Suarez olayından 6 ay kadar sonra uzaklarda…

Play-off komedisinin ilk perdesinde, ülke futbolunun her daim korunan, kollanan çocuğu Emre Belözoğlu, Trabzonspor’un orta saha oyuncusu Zokora’ya “Nigger” kelimesini kullandığını kabul ediyor; sonrasında ise “Eğer ki içimde ırkçılık adına bir şey besliyorsam, Allah bu kalbimi çıkarsın!” diyerek kendini savunuyordu. Üstelik söylediğine göre yurt dışında oynadığı senelerde “Pis Türk” diye aşağılandığı da olmuştu.

Oysa “ırkçılık” suçlamasıyla ilk kez karşılaşıyor değildi Fenerbahçeli futbolcu. İçinde ırkçılık adına bir şey beslemiyorsa da kullandığı kelimenin onur kırıcı olduğunu bilmesi ve geçmişten, yaşadıklarından ders alması gerekirdi. Ada’da futbol oynadığı yıllarda, 30 Aralık 2006 tarihinde Newcastle United’ın Everton’a 3-0 yenildiği maçta o dönem Everton’da forma giyen Yobo’ya ırkçı hakarette bulunduğu suçlamasıyla manşetelere taşınmıştı. O olaydan sonra, Şubat 2007’de bu kez Bolton Wonderers’lı futbolcu El Hadji Diouf, Emre’nin kendisine ırkçı hakarette bulunduğunu açıkladı. Kısa süre sonra, bu kez Watford’lu futbolcu Alhassan Bangura, Emre’yi ırkçılıkla suçluyor; Emre ise takımdaki oda arkadaşının zenci futbolcu Obafemi Martins olduğunu söyleyerek asla ırkçı olmadığını savunuyordu. Tıpkı sıklıkla duyduğumuz, “Ben nasıl Kürt/Ermeni/Rum düşmanı olurum? Kürt/Ermeni/Rum arkadaşlarım var!” cümlesindeki gibi…

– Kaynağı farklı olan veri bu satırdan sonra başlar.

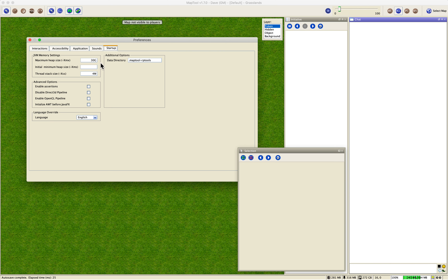For the maximum heap size, I know a lot of you have your eyes bulging right now — 30 gigs allocated for a program? What? That's insane! I only have 8 gigs or 16 gigs, whatever it may be. Let me explain.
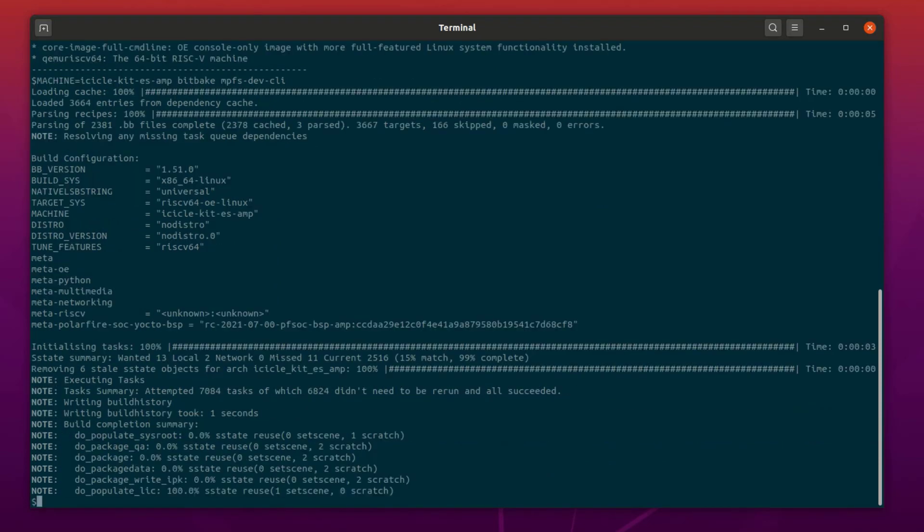Now that the build process has finished, we can examine the deploy folder. In the deploy folder, we will find a directory related to each machine.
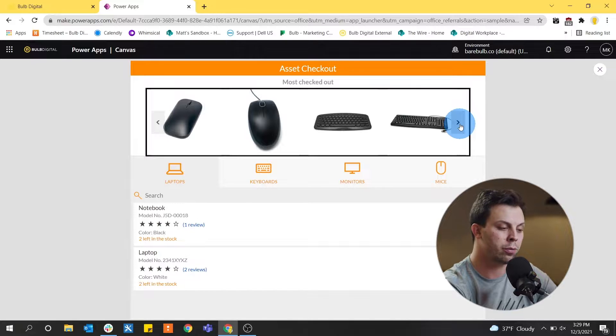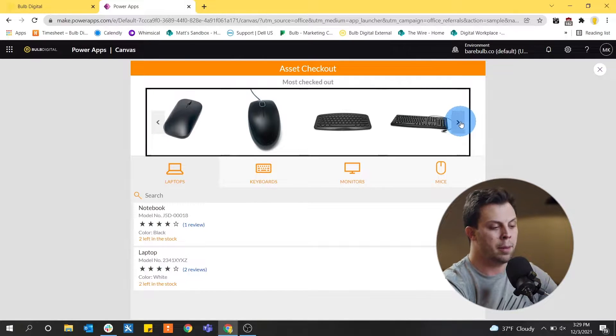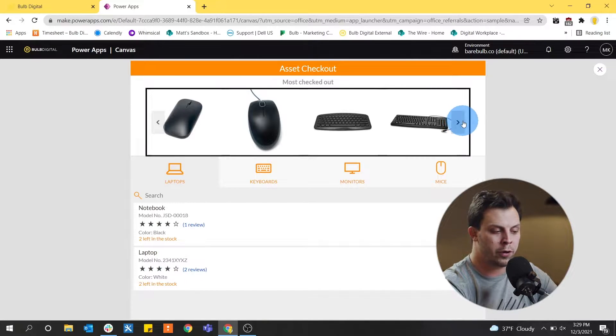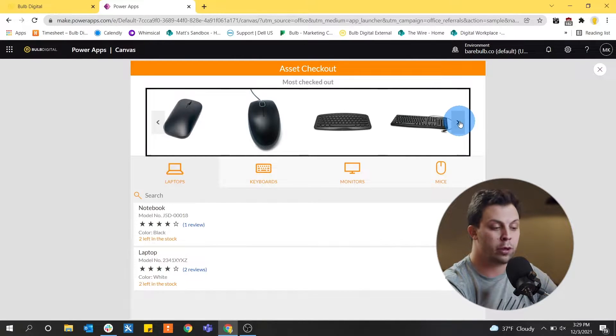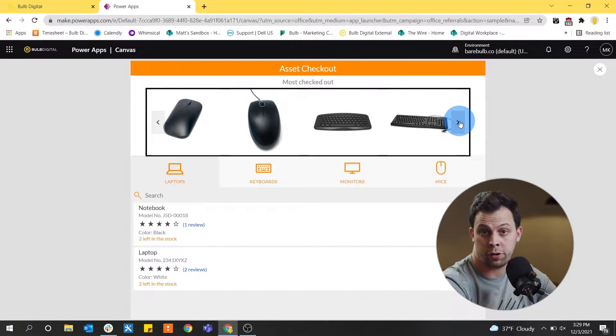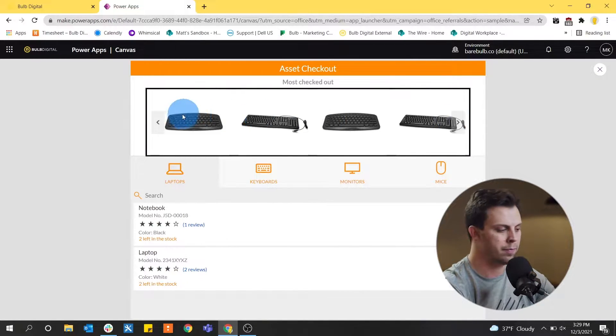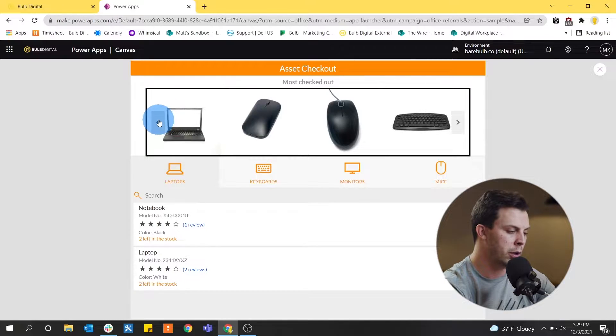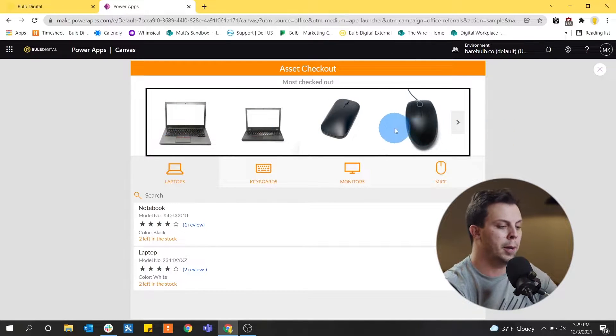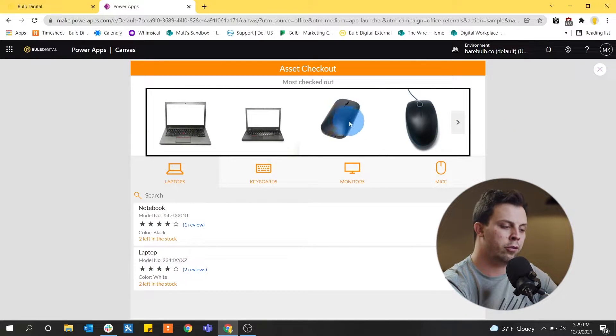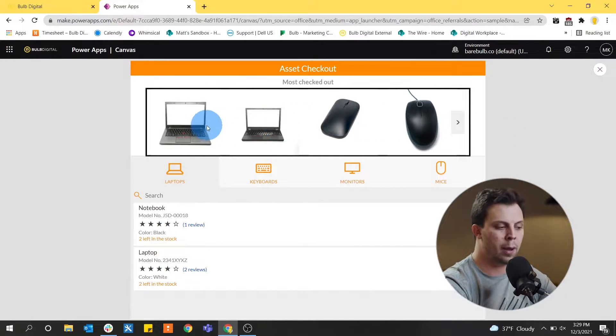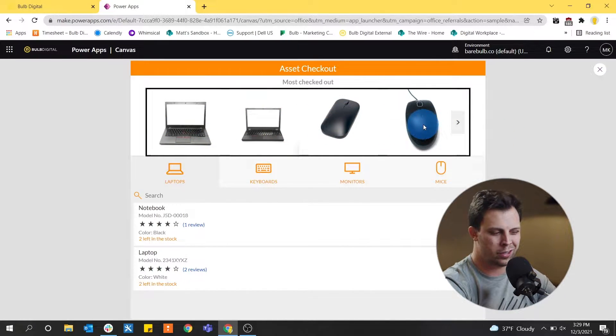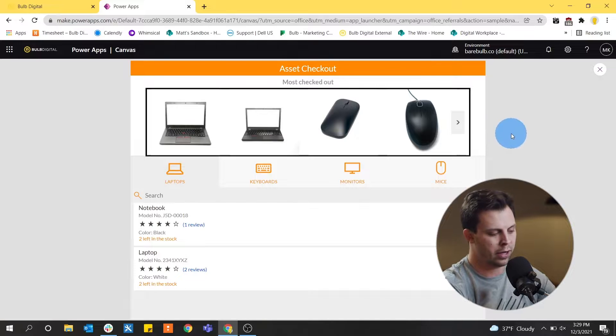You can kind of cycle through these things based on how often they're checked out or their frequency that users are asking for them. That seems like a pretty cool idea. And you get images of what these objects are pretty easily because they're kind of self explanatory.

19 Mart 2007 tarihinde İngiltere Futbol Federasyonu, yeterli delil olmadığı için konunun kapatıldığını ve Emre’ye ceza verilmeyeceğini açıklayacaktı.

***

Emre’nin kalbinde ırkçılık olup olmadığını bir kenara koyup, 30’lu yaşlara gelmiş, üstelik ülke futbolunda yıldız sayılan bir futbolcunun sürekli aynı suçlamayla karşılaşmasının nedenlerini araştıralım. Yüreğinde ırkçılık olmasa bile, diline hâkim olamayan, bu nedenle manşetlere taşınan bir futbolcunun aslında sistemin ürünü olduğunu anlayalım. Yakın geçmişte oynanan Bursaspor-Diyarbakırspor maçında yaşananları hatırlayın mesela, kimsenin ceza almadığını da. Ötekileştirdiğimiz Diyarbakırspor’un, Süper Lig’de oynadığı yıllarda hemen her maçta yaşadıklarını hatırlayın. Kalplerde ırkçılık olmasa bile, bazen ırkçılığa varan ayrımcılığın gündelik hayatımızda nicedir öylesine gelip geçiştirdildiğini de. Irkçılık yüreklerde taşınmasa, farkında olmasak bile ne yazık ki yer etmiş içimizde bir yerlerde…

Hatırlayın, 1999 senesinde o zamanın Trabzonspor Başkanı Mehmet Ali Yılmaz’ın, Kevin Campbell’a dair sarfettiği, “Gol atsın diye bir yamyam aldık, yine olmadı!” cümlesini. Yılmaz’ın savunması ise “Ben ‘Arap’ demek istemiştim” şeklindeydi!

***

Sadece Emre’de değil elbette hata… Naçizane görüşüm, Alex kadar olmak varken bir hiç olmak zaten onunkisi. Onca yetenek, onca kazanma hırsı, onca potansiyel ama onca tükeniş! Futbolu bıraktıktan sonra yeteneği ile değil de, kendini imha düğmesiyle hatırlanacaklardan…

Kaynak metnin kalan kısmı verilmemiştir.